Le soulèvement du 10 mars 1959 à Lhassa
par Jean-Paul Desimpelaere, le 7 septembre 2009
Que s'est-il réellement passé à Lhassa lors du soulèvement du 10 mars 1959 ? Plusieurs témoins des évènements, venant d'horizons différents convergent pour donner une version similaire, mais assez éloignée de celle du 14ème dalaï-lama.
Wang Qixiu travaillait au bureau de poste de Lhassa. Le jour du soulèvement, 10 mars 1959, il était sur place, et comme il est toujours en vie il a témoigné sur china.org.cn de ce qu'il a vu. Son commentaire a été traduit par NTIS (1). Voici un extrait de son témoignage :
« L’armée n’est intervenue qu'au bout de 10 jours, c'est-à-dire le 20 mars, lorsque les rebelles ont attaqué la base militaire. Les rebelles avaient déjà pris d'assaut le Potala, le palais d’hiver de Norbulingka et le temple de Ramoche et le Jokhang. Ils étaient entre dix et vingt mille (2).
Ils étaient équipés d’armes parachutées au préalable par la CIA et disposaient de 10.000 fusils, 180 mitrailleuses et 40 mortiers. L’armée chinoise comptait seulement 12 régiments, un total de 1000 hommes. Le 22 mars, tous les rebelles se sont rendus. 5.300 rebelles ont été tués dans les affrontements. Le 14ème dalaï-lama avait déjà quitté Lhassa le soir du 17 mars 1959. Mao donna l’ordre à son général posté à Lhassa de ne pas le poursuivre. »

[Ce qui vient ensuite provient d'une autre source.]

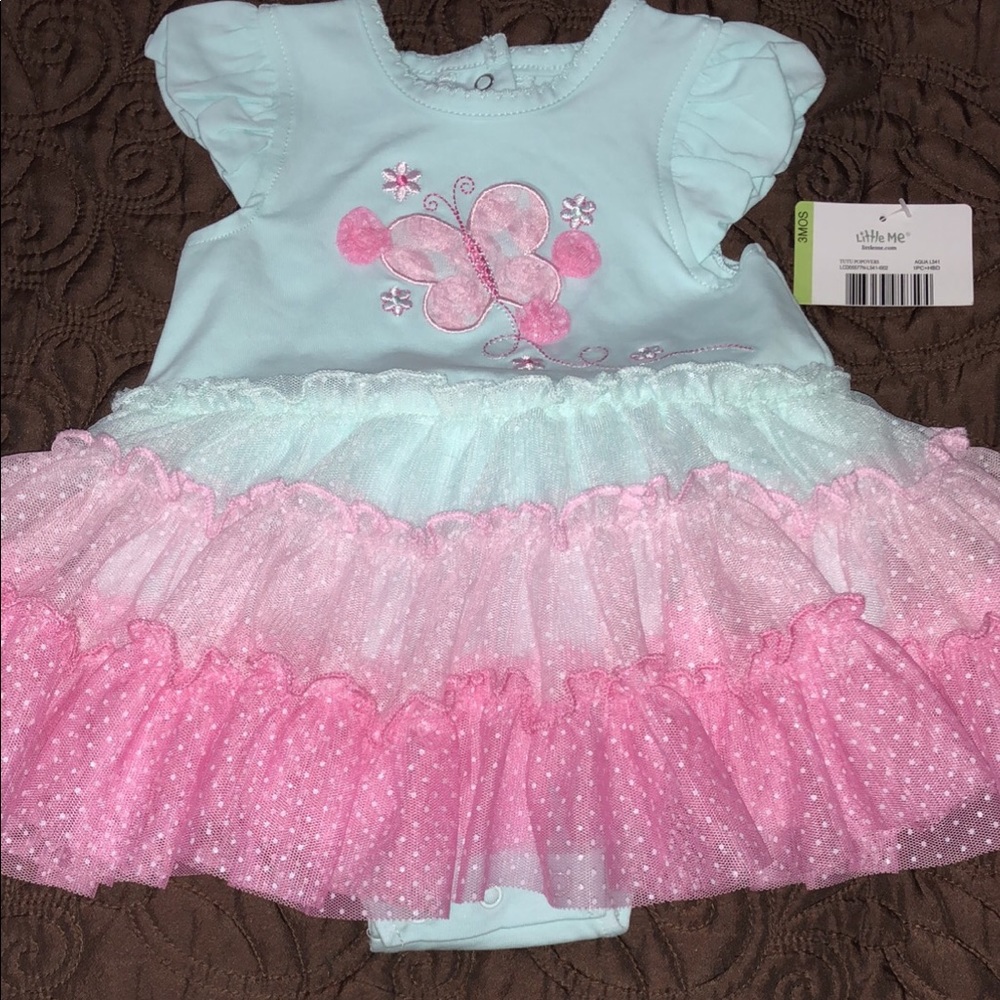 Butterfly dress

Dans le livre de Mikel Dunham (3), ce sont des ex-rebelles qui témoignent. Pensionnés à ce jour, ils se souviennent de « 15.000 morts et blessés compris » lors du soulèvement. Leur version des faits correspond assez bien à celle ci-dessus : « A son départ de Lhassa, le dalaï-lama avait l’intention d’établir un quartier général temporaire dans la base rebelle de Lhuntse Dzong (un petit fort à 100 km de la frontière indienne). Il y arriva le 27 mars, mais le 24 mars, il avait déjà reçu un message annonçant l’échec du soulèvement.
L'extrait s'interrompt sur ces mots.